Caramel is one of the great secrets of a pastry chef. It requires only two ingredients (sugar and water) and one technique (heating). Most people would be surprised to learn that caramel is really just burnt sugar. "Caramel" sounds so much more appetizing than "burnt sugar," although the French are very honest about "crème brûlée" which is custard with a layer of burnt sugar on top.
Because of the special molecular properties of sugar, once it reaches a certain temperature the structure begins to change. The sugar changes color as it is burning and it becomes solid when cooled, like candy.
Here's how to make caramel for use in other recipes:
1. Combine sugar and water. Place on the high heat.
2. Allow to boil for a few minutes.
3. You will notice that the bubble becomes more tightly packed.
4. Then the sugar will start changing color slightly.
5. At around 300° Fahrenheit, the sugar turns to caramel. Notice the change in color. Swirl the pan gently. Do not stir the caramel.

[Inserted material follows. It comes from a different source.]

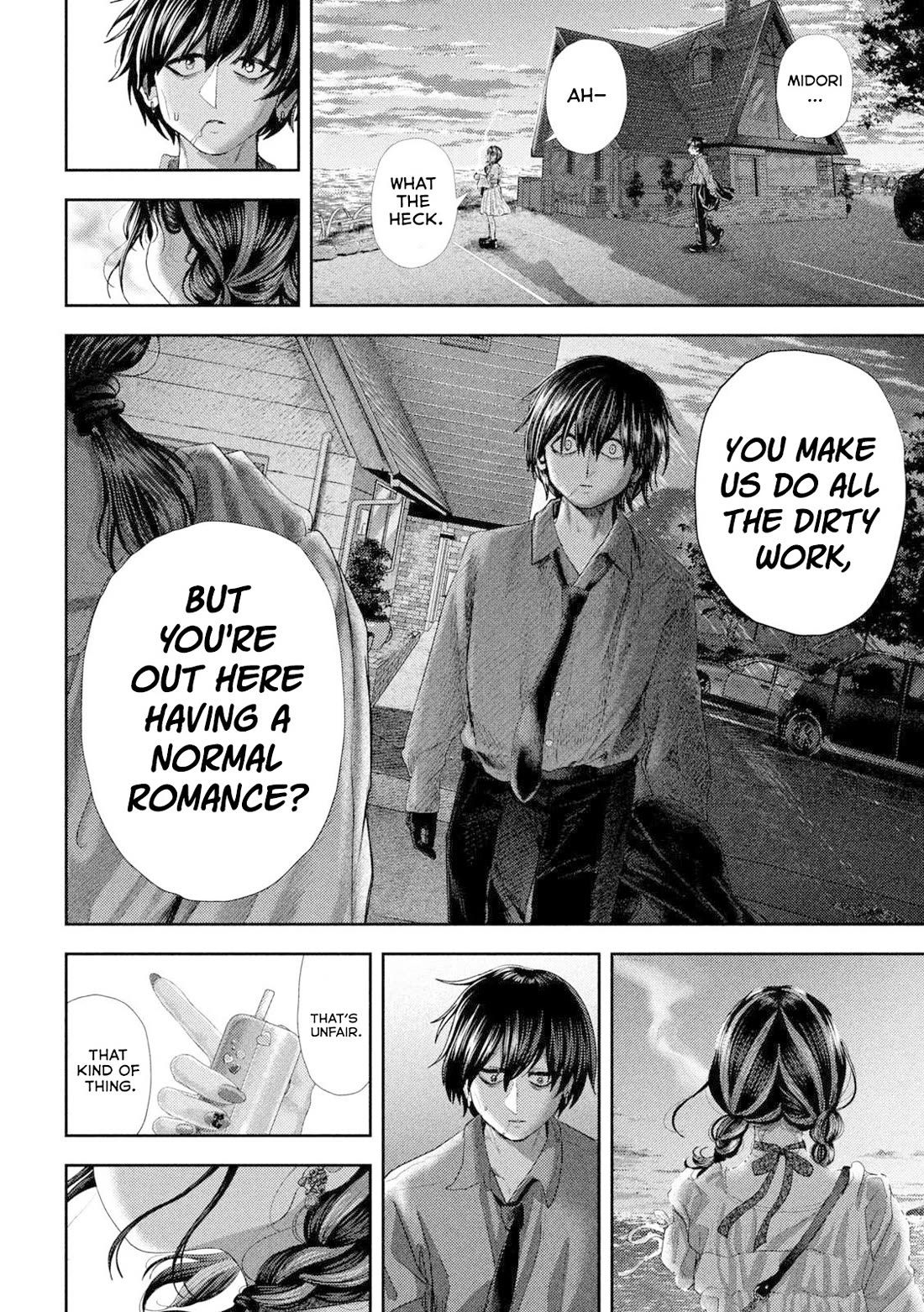 Nezumi's First Love chapter 59 page 20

6. The longer the sugar is heated, the more caramelized (burnt) it will become. For a traditional Tarte "Tatin" or other "Tatin" recipe, you will want to stop cooking the caramel around 350°- 360° Fahrenheit before the caramel becomes too burnt, as it will continue to caramelize during baking. Swirl the pan to even out the caramel color. Do not stir!
|Ideal caramelization for a Tatin recipe.|
7. When making caramel sauce, you can caramelize the sugar longer until it turns a darker color. Then add butter or cream. Be careful when adding the butter/cream to avoid splashing the caramel (to avoid burning yourself).
Keep in mind that the sugar continues to cook for a few minutes after you've removed the pan from the heat.
Note of Caution: Do not stir the caramel! Stirring or splashing the caramel is dangerous because the caramel is so hot.